Multiple objectives in Excel solver

Question

I have a macro that runs through multiple sets of permutations using Excel's solver. Each macro runs the solver 3 times, using Simplex followed by 2 x Evolutionary. It seems to work reasonably well.

However, I noticed that the solution keeps changing, due to one of the variables only being constrained by a maximum value. As such, I need to make the variable a max/min objective.

I know that Excel's solver only allows for one max/min objective. Is there any way that I can set a second max/min objective?

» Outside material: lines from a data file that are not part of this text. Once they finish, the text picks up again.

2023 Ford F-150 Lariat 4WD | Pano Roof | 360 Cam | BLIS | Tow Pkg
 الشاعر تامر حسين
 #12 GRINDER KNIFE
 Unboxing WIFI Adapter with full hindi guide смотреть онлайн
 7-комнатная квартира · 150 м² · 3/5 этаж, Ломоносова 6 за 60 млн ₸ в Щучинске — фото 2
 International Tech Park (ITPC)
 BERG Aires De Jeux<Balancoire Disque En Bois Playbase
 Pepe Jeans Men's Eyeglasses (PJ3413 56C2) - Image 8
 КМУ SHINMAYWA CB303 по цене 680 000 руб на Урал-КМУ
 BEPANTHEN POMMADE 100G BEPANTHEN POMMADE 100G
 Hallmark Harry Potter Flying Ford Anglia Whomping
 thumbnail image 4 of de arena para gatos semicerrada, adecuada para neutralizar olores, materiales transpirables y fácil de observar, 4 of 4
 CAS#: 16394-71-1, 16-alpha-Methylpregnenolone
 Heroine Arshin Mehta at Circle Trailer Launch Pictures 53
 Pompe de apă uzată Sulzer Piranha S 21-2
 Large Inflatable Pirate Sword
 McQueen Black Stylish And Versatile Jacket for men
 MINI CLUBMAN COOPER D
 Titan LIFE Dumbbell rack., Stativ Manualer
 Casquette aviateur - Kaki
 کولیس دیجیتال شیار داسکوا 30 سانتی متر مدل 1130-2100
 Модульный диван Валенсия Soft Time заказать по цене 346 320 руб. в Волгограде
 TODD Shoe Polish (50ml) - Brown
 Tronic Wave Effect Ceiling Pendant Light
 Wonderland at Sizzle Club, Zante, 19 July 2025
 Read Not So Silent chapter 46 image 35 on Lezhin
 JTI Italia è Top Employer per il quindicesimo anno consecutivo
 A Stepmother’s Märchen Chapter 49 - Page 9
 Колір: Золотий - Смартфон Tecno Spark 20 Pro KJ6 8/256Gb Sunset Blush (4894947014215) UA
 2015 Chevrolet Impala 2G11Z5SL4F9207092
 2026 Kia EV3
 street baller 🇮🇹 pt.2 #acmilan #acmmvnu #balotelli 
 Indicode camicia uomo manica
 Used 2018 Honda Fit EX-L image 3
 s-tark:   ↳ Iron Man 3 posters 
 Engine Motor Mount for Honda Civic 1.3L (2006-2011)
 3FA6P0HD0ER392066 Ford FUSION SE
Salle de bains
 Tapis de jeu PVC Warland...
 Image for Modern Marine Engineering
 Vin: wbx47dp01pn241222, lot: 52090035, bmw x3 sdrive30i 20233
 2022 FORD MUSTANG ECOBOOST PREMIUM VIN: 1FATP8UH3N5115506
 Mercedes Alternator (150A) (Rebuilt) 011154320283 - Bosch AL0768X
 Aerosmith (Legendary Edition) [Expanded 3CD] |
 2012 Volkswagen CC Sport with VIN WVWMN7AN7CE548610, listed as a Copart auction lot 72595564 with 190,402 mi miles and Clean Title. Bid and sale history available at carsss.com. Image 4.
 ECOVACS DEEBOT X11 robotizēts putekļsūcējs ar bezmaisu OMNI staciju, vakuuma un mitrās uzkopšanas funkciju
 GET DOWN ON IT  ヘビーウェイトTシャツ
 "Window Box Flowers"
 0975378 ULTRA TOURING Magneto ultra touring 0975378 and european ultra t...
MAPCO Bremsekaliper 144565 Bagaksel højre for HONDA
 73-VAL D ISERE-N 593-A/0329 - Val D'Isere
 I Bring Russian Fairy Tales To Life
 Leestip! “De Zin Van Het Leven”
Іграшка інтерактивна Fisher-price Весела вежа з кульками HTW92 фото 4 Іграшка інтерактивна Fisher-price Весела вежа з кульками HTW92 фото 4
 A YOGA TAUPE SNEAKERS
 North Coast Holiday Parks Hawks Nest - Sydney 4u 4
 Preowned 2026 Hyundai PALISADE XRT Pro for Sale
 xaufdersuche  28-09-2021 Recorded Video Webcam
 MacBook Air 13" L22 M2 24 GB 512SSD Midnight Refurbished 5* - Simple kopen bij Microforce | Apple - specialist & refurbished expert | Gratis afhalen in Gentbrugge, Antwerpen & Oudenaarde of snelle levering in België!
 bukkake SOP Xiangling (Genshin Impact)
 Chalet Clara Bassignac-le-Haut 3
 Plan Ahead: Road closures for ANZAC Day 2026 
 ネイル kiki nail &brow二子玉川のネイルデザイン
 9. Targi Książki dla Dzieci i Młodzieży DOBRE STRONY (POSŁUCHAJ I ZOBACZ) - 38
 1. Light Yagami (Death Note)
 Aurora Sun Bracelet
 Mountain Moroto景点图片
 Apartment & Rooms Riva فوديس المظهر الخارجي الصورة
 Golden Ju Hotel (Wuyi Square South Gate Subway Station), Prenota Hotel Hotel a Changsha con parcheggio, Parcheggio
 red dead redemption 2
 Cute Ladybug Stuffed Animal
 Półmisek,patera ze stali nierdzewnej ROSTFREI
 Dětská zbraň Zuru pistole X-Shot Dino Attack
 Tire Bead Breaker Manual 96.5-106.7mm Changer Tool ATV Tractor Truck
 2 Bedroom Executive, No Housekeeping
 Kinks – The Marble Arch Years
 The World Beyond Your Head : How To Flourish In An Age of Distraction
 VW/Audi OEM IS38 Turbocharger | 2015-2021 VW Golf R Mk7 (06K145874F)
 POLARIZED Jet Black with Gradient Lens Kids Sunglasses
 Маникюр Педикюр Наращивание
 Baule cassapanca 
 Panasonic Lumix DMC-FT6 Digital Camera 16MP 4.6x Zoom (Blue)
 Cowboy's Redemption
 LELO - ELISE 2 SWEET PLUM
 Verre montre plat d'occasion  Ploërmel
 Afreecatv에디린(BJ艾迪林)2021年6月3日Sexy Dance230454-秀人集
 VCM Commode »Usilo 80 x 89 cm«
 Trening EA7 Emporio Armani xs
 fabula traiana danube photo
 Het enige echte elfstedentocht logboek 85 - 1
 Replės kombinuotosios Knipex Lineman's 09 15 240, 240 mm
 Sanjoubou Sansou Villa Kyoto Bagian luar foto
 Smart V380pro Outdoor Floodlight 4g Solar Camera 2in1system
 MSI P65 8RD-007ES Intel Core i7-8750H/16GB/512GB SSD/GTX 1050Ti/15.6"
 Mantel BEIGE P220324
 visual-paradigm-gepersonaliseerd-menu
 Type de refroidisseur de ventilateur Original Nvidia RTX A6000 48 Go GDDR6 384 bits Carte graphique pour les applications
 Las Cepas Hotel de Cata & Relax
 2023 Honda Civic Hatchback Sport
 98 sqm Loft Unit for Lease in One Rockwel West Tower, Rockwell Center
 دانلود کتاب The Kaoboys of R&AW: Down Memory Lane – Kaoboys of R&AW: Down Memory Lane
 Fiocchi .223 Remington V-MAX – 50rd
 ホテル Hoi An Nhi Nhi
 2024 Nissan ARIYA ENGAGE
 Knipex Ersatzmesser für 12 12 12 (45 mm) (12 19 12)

The code I have is as follows:

a = Range("Q1")

    SolverReset
    SolverOk SetCell:="$N$1", MaxMinVal:=1, ValueOf:=0, ByChange:="$M$2:$M" & a, _
        Engine:=3, EngineDesc:="Simplex LP"
    SolverAdd CellRef:="$O$1", Relation:=1, FormulaText:="80"
    SolverAdd CellRef:="$M$1", Relation:=2, FormulaText:="8"
    SolverAdd CellRef:="$P$1", Relation:=3, FormulaText:="5"
    SolverOk SetCell:="$N$1", MaxMinVal:=1, ValueOf:=0, ByChange:="$M$2:$M" & a, _
        Engine:=3, EngineDesc:="Simplex LP"
    SolverAdd CellRef:="$M$2:$M" & a, Relation:=4, FormulaText:="integer"
    SolverAdd CellRef:="$M$2:$M" & a, Relation:=1, FormulaText:="1"
    SolverAdd CellRef:="$M$2:$M" & a, Relation:=3, FormulaText:="0"
    SolverOk SetCell:="$N$1", MaxMinVal:=1, ValueOf:=0, ByChange:="$M$2:$M" & a, _
        Engine:=3, EngineDesc:="Simplex LP"
    SolverSolve ShowRef = 0

    SolverReset
    SolverOk SetCell:="$N$1", MaxMinVal:=1, ValueOf:=0, ByChange:="$M$2:$M" & a, _
        Engine:=3, EngineDesc:="Evolutionary"
    SolverAdd CellRef:="$O$1", Relation:=1, FormulaText:="80"
    SolverAdd CellRef:="$M$1", Relation:=2, FormulaText:="8"
    SolverAdd CellRef:="$P$1", Relation:=3, FormulaText:="5"
    SolverOk SetCell:="$N$1", MaxMinVal:=1, ValueOf:=0, ByChange:="$M$2:$M" & a, _
        Engine:=3, EngineDesc:="Evolutionary"
    SolverAdd CellRef:="$M$2:$M" & a, Relation:=4, FormulaText:="integer"
    SolverAdd CellRef:="$M$2:$M" & a, Relation:=1, FormulaText:="1"
    SolverAdd CellRef:="$M$2:$M" & a, Relation:=3, FormulaText:="0"
    SolverOk SetCell:="$N$1", MaxMinVal:=1, ValueOf:=0, ByChange:="$M$2:$M" & a, _
        Engine:=3, EngineDesc:="Evolutionary"
    SolverSolve ShowRef = 0

    SolverReset
    SolverOk SetCell:="$N$1", MaxMinVal:=1, ValueOf:=0, ByChange:="$M$2:$M" & a, _
        Engine:=3, EngineDesc:="Evolutionary"
    SolverAdd CellRef:="$O$1", Relation:=1, FormulaText:="80"
    SolverAdd CellRef:="$M$1", Relation:=2, FormulaText:="8"
    SolverAdd CellRef:="$P$1", Relation:=3, FormulaText:="5"
    SolverOk SetCell:="$N$1", MaxMinVal:=1, ValueOf:=0, ByChange:="$M$2:$M" & a, _
        Engine:=3, EngineDesc:="Evolutionary"
    SolverAdd CellRef:="$M$2:$M" & a, Relation:=4, FormulaText:="integer"
    SolverAdd CellRef:="$M$2:$M" & a, Relation:=1, FormulaText:="1"
    SolverAdd CellRef:="$M$2:$M" & a, Relation:=3, FormulaText:="0"
    SolverOk SetCell:="$N$1", MaxMinVal:=1, ValueOf:=0, ByChange:="$M$2:$M" & a, _
        Engine:=3, EngineDesc:="Evolutionary"
    SolverSolve ShowRef = 0

Answer 1

You shall see this as a sequential process.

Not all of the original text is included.